- **RECORD EXTRACTS**
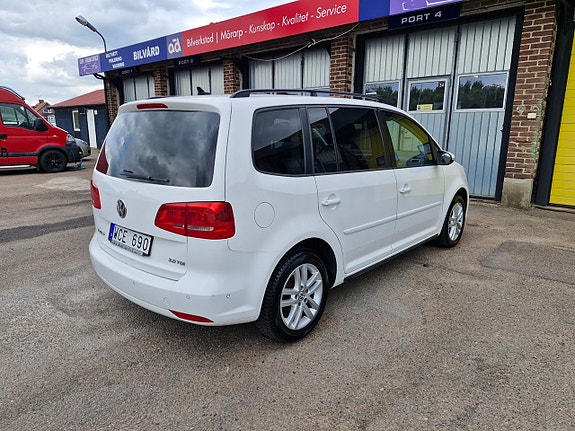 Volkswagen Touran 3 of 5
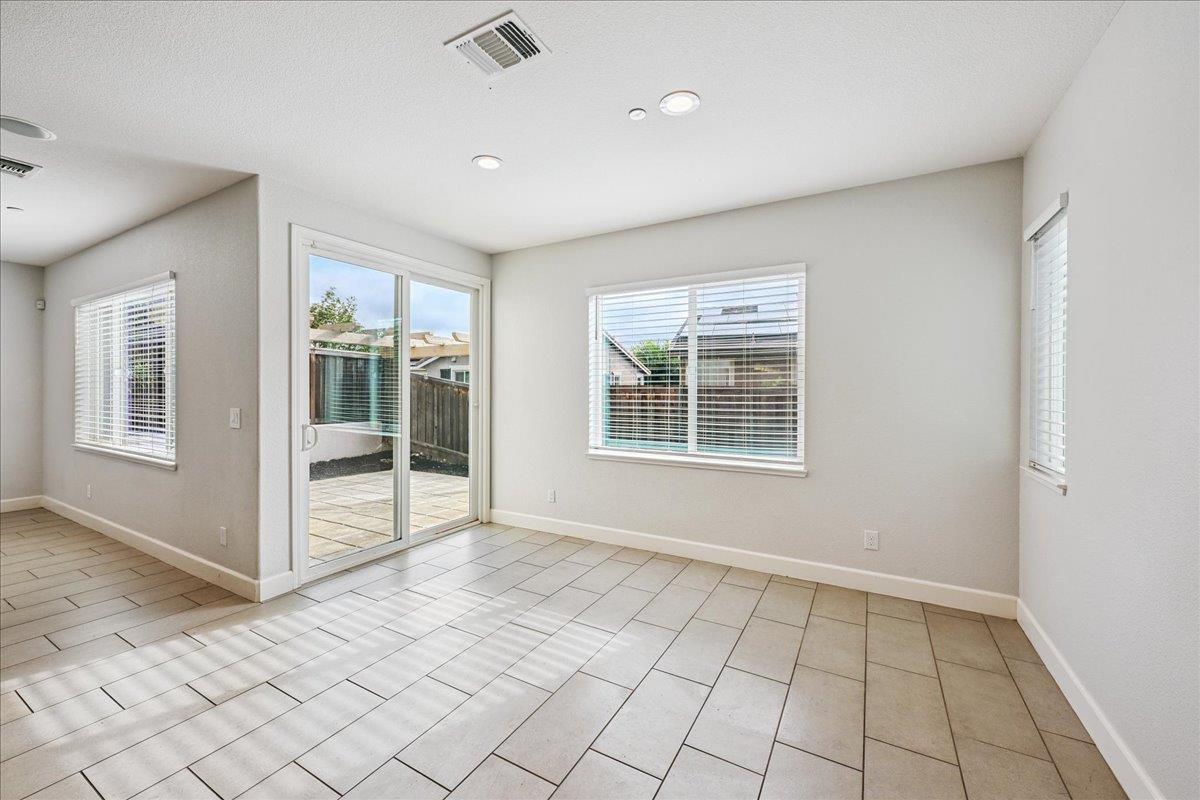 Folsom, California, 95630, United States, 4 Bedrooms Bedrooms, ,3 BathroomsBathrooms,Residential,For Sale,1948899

==

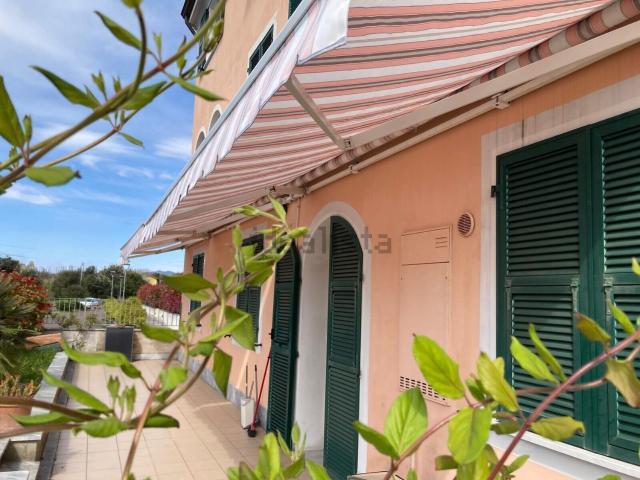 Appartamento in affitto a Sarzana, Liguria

- **WHAT IS REQUIRED**
Because only one stretch of the records is wanted, please output the lines from the one holding "Volkswagen Touran 3 of 5" through the one holding "Folsom, California, 95630, United" exactly, both included, and leave every picture out.

- **SOLVED EXERCISE**
 Volkswagen Touran 3 of 5
 Folsom, California, 95630, United States, 4 Bedrooms Bedrooms, ,3 BathroomsBathrooms,Residential,For Sale,1948899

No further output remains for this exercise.